Friday, January 23, 2009

From This Day Forward...

At one point in my wayward youth, I had a (second) job as a radio newswriter on the weekends. The hours were 4 a.m. to noon on Saturday and Sunday. As you might imagine, this really put a crimp in my weed smoking social life. This is also around the same time I was smashing the drums in a hard rock band, so I'd frequently find myself going straight to work after the after-gig party, just a regular party, or just a night at The Yard, without any sleep. I never actually clocked in while inebriated. Well...overtly. But every time I showed up at Sunset and Gower, I was loopy from lack of sleep.

Sometimes, I'd have something of an out of body experience.
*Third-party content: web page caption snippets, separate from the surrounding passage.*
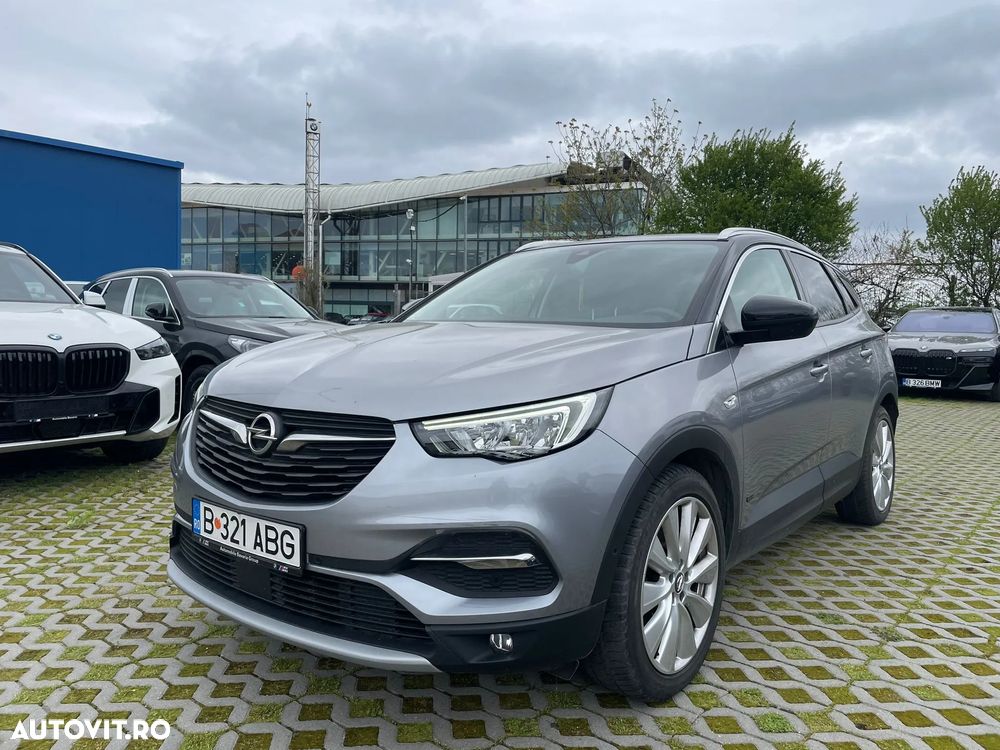 Opel Grandland X 1.6 Turbo Hybrid4 START/STOP 4x4 Aut. Inovation - 4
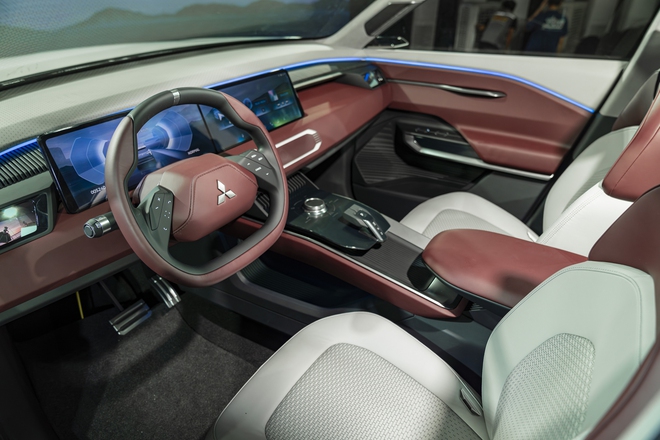 Mitsubishi DST Concept ra mắt Việt Nam: Mẫu xe 7 chỗ mới dễ thay thế Outlander, nhiều điểm giống Xforce, có ADAS- Ảnh 10. Mitsubishi DST Concept ra mắt Việt Nam: Mẫu xe 7 chỗ mới dễ thay thế Outlander, nhiều điểm giống Xforce, có ADAS- Ảnh 10.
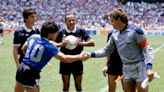 Se subasta la pelota con la que Diego Maradona le marcó los dos goles a Inglaterra en México 1986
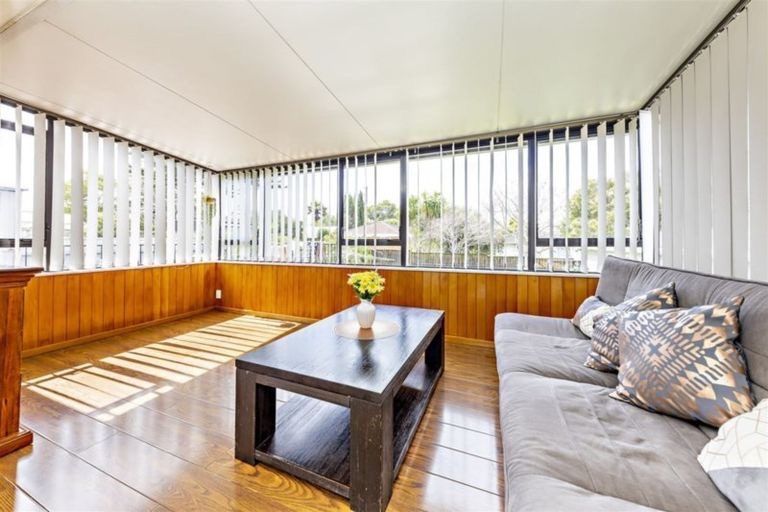 Photo of property in 49 Christmas Road, Manurewa, Auckland, 2102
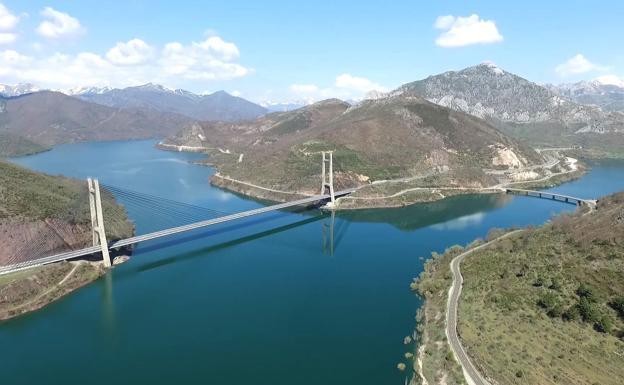 Embalse de Barrios de Luna.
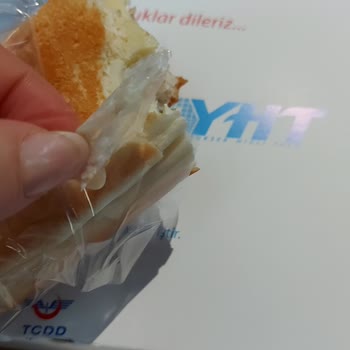 YHT Business Sınıfında Dağıtılan Yiyecekten Plastik Parça Çıktı!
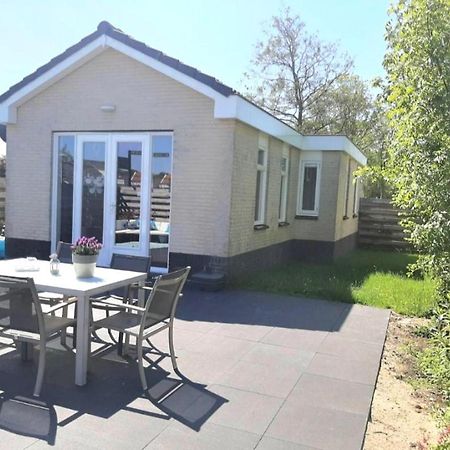 Huisje Britt Met Grote Tuin En Veel Privacy Dirkshorn Ngoại thất bức ảnh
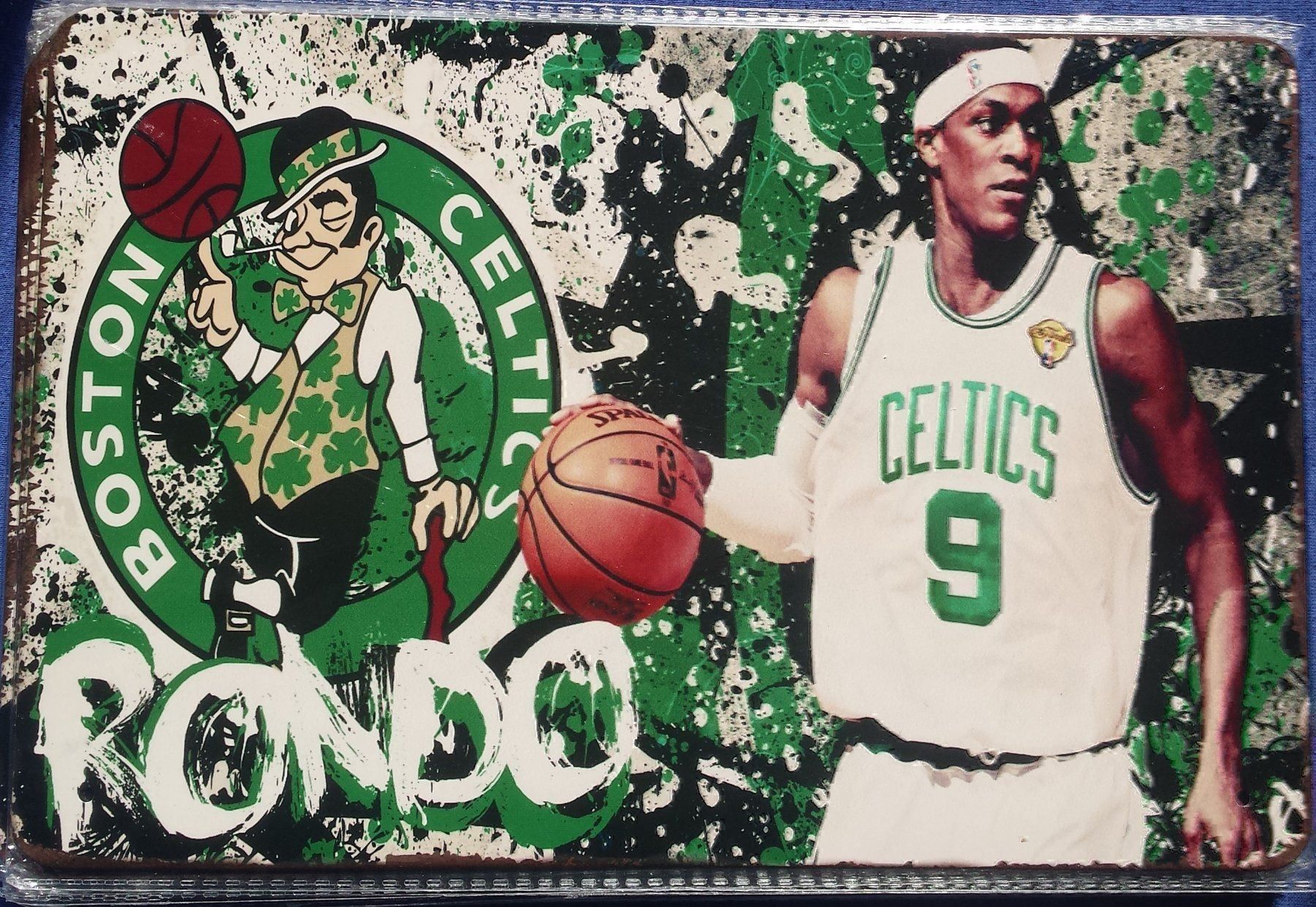 Insegne: NEU NBA Bosten Celtics Rondo Blechschild – Nuovo e nell'imballaggio originale da Matten b. Interl venduto da alleswasgutist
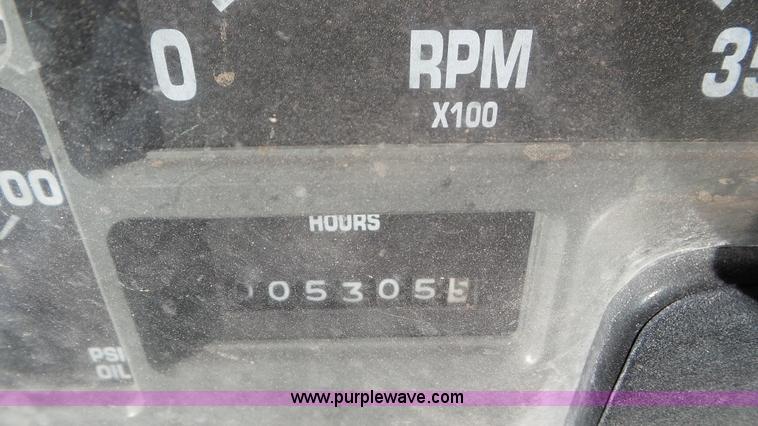 image for item L4485 1998 International 4900 digger derrick truck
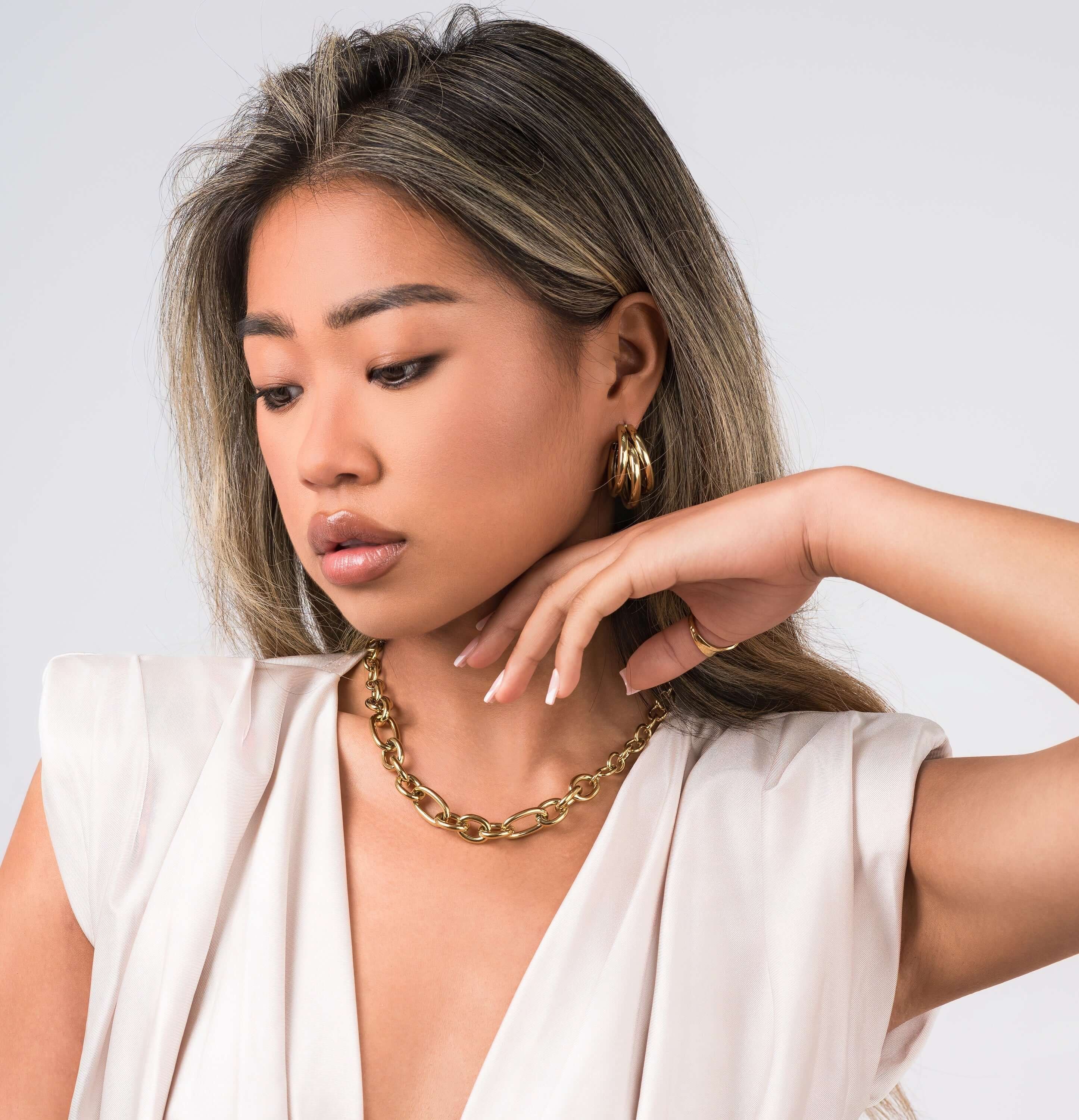 ARIIRA ARIIRA Women's Sandra Oval Link Statement Chain Necklace in Gold - 4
Sleep deprivation plays crazy tricks on the mind, altered chemicals in the brain and all that. It was almost like I'd get a feeling of deja vu, except I felt like I was outside the actual moment in time, which was always brief, couple seconds or so, looking in at myself, my surroundings, and being consumed with a feeling of absurdity. Like, this is ridiculous. All of it. The word that set me off, my life, this office, none of this matters and yet, it's oddly and completely compelling.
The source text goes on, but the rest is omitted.